Colpisce però un dato inatteso: anche tra chi non vota, la politica non è del tutto assente. Il 40% degli astenuti, se ipoteticamente fosse obbligato a votare, sceglierebbe un partito della coalizione di governo, mentre un terzo (33%) si riconoscerebbe nell'opposizione. Non si tratta dunque di un rifiuto totale del mondo politico, ma di una distanza di rappresentanza: molti cittadini continuano a coltivare un'identità politica, ma non trovano nei partiti un canale attraverso cui esprimerla.

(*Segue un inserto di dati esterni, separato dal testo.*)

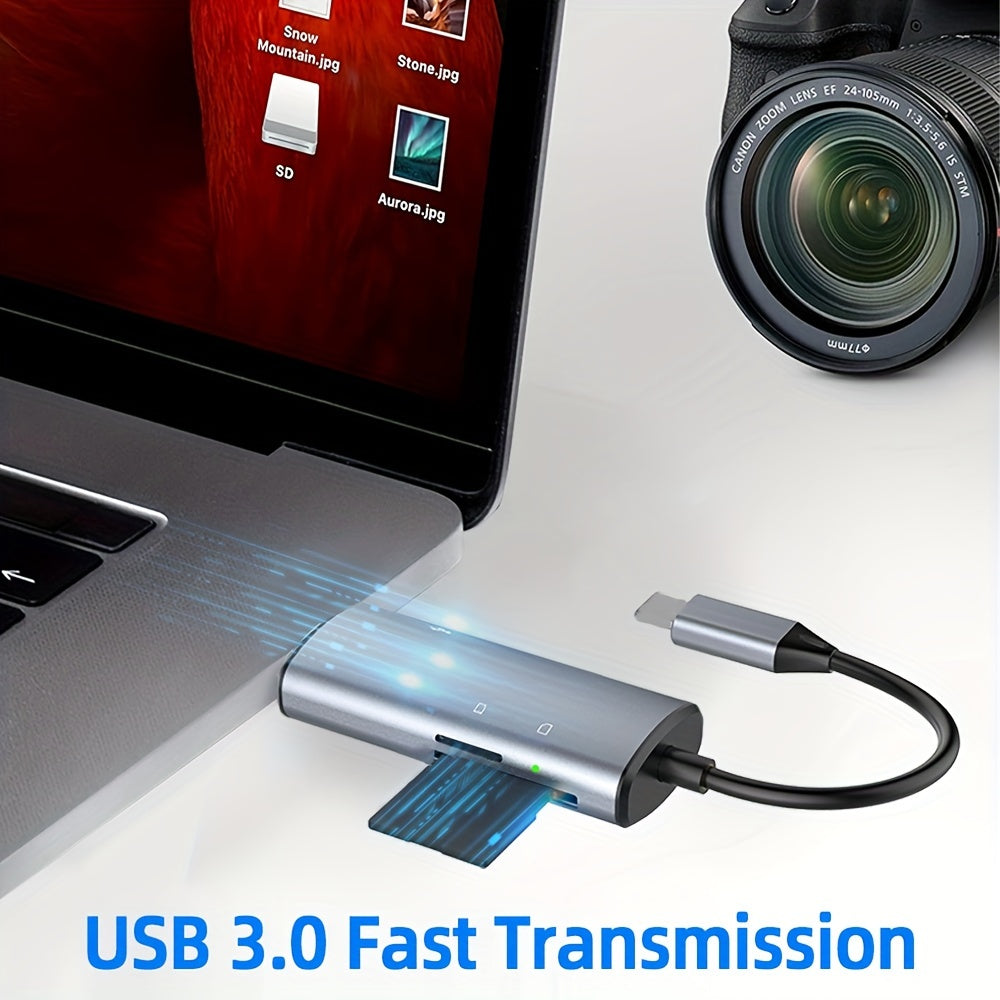 5 in 1 SD Card Reader for iPhone/iPad – USB 3.0 Hub Adapter with Dual Card Slots for SD and TF/Micro SD/SDXC/SDHC/MMC/RS-MMC/UHS-I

Tra i leader che godono di maggiore simpatia tra gli astenuti, Giorgia Meloni risulta la più apprezzata con il 22% delle preferenze, seguita da Giuseppe Conte (18%) e da Elly Schlein (16%). Dietro di loro si collocano Matteo Salvini e Antonio Tajani (entrambi all'11%), Carlo Calenda (10%). Il fatto che la premier Meloni risulti la più gradita anche tra chi non vota indica che una parte di elettorato "silente" continua a riconoscersi nel suo profilo, pur restando distante dall'atto del voto. Questo è un indicatore sia positivo per la premier perché evidenzia che ha un bacino potenziale di aumento del consenso su cui puntare, sia negativo in quanto non riesce a trasformare l'apprezzamento degli astenuti in consenso. Questo problema è ancora più evidente per il leader del 5S Conte, riceve ammirazione dal 18% degli astenuti che non diventa voto al suo partito.

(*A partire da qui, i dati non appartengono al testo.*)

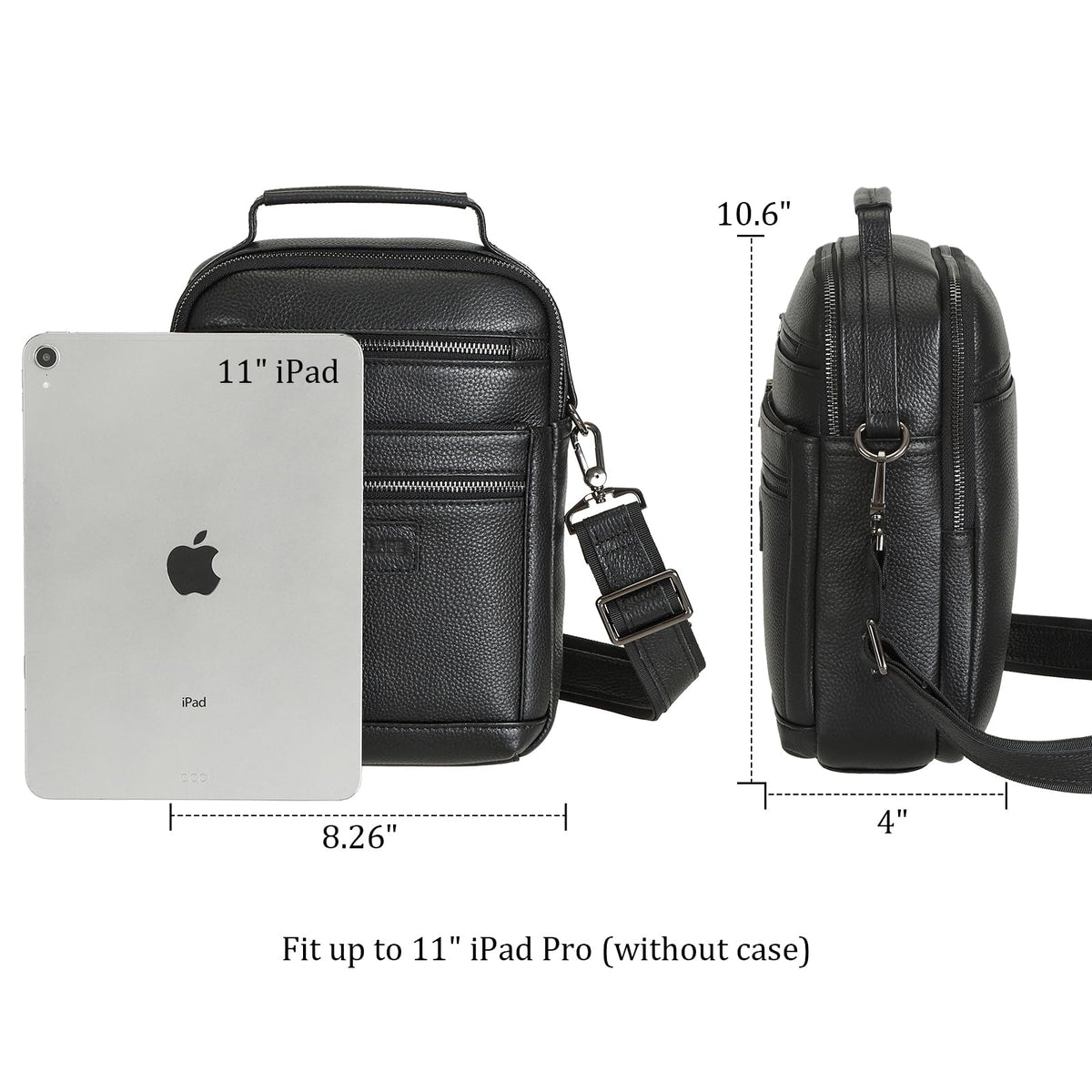 Polare Italian Cowhide Leather Messenger Bag Waterproof Chest Shoulder Crossbody Bag Casual Sling Business Handbag for Men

Le ragioni della non partecipazione sono molteplici ma convergono tutte in una parola: sfiducia. Tre italiani su dieci (30%) spiegano la propria scelta con la "scarsa fiducia nella classe politica". Quasi uno su quattro (24%) afferma che "nessun partito rappresenta le proprie idee", mentre il 17% ritiene che "non cambi nulla votare". Insomma gli italiani non votano non perché non si interessano, ma perché non credono più che serva.

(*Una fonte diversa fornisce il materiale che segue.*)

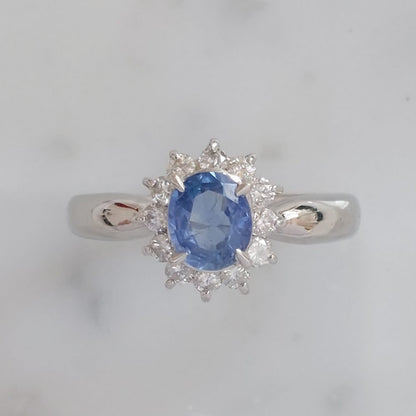 Cornflower Blue Sapphire and Diamond Cluster Ring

L'analisi dei temi più sentiti mostra che gli astenuti non sono disinteressati: hanno priorità molto concrete. Più di uno su due (54%) indica la sanità come problema principale, mentre la metà (50%) cita lavoro e salari. Seguono la riduzione delle tasse (39%), la sicurezza (26%), l'immigrazione (22%) e le pensioni (19%). Quando si chiede cosa potrebbe convincerli a tornare a votare, quasi la metà (49%) risponde che lo farebbe solo in presenza di un nuovo leader credibile. Un altro 23% dice che servirebbe un nuovo partito più vicino alle proprie idee, mentre per il 28% non c'è nulla che li farebbe tornare alle urne.
Emerge anche un altro dato interessante che delinea il profilo degli astenuti: il 46% dichiara di seguire la politica con continuità e un ulteriore 34% la segue "di tanto in tanto". Solo il 20% ammette di non interessarsene affatto.
Il problema, dunque, non è il disinteresse, ma la sfiducia verso un sistema percepito come chiuso: gli "astenuti" osservano, giudicano, ma non partecipano. Cercano nuove leadership (49%) ma al contempo non nuovi partiti. L'astensione non è disinteresse.